Holder’s Justice Department believes that religious schools should not be able to enjoy a longstanding exemption to various employment laws which conflict with church teaching, or, the “ministerial exception.”

Assistant to the Solicitor General Leondra R. Kruger argued that the religious school could not fire the teacher for filing a complaint to the government even if church teaching forbids it.  At oral argument, Kruger advocated positions so extreme that even Justice Elena Kagan appeared to reject them.
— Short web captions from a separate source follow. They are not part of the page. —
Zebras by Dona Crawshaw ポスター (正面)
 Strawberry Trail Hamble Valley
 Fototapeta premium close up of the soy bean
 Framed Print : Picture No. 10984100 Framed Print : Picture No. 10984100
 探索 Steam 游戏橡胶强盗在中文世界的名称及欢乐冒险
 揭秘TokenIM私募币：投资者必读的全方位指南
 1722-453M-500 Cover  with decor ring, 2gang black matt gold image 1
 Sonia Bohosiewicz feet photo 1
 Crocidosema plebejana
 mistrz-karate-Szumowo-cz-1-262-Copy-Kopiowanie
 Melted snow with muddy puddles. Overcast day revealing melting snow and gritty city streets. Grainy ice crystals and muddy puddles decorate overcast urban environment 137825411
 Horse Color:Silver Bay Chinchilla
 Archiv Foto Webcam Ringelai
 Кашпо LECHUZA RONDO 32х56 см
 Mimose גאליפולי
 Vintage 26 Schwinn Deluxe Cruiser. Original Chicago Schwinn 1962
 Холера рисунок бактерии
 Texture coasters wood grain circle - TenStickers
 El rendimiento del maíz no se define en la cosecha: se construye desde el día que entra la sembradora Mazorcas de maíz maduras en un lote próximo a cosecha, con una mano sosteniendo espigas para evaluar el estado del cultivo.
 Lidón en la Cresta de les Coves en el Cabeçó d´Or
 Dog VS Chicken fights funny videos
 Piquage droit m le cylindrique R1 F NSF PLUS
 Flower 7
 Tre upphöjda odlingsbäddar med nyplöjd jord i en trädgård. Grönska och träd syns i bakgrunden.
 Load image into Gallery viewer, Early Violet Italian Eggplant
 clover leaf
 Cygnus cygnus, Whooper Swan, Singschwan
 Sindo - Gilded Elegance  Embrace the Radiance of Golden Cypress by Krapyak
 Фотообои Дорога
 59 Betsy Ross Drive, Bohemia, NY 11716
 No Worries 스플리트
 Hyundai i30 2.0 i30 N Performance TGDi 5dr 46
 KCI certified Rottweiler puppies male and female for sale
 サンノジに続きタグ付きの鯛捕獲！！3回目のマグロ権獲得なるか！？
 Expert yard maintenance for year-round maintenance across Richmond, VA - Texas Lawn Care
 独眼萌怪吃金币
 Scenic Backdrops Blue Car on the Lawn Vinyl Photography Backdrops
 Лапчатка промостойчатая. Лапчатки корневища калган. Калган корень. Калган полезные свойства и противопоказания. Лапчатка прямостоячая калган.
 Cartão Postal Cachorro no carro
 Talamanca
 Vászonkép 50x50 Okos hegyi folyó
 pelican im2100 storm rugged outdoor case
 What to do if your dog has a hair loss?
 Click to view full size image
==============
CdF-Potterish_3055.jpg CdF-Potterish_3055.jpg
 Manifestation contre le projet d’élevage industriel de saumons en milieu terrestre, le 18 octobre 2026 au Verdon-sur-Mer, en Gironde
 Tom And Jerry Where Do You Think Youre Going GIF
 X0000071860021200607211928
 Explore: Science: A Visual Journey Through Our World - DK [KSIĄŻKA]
It’s not hard to see where this slippery slope slides. What if a teacher in a Catholic school does something directly contrary to Catholic teaching? Or, consider this possibility offered by American Catholic:

“Then, too, what also about Catholic women using this principle to sue the Catholic Church in the United States because they are excluded from the priesthood? There’s absolutely no doubt that when it comes to ordination, the Catholic Church discriminates in favor of males. Should SCOTUS be able to tell the Catholic Church in the United States that it must redress the imbalance?

Yes…if, as an organization, the Catholic Church is bound by federal employment discrimination statutes.

No…if, as an organization, the U.S. Catholic Church is exempt from federal employment discrimination statutes.”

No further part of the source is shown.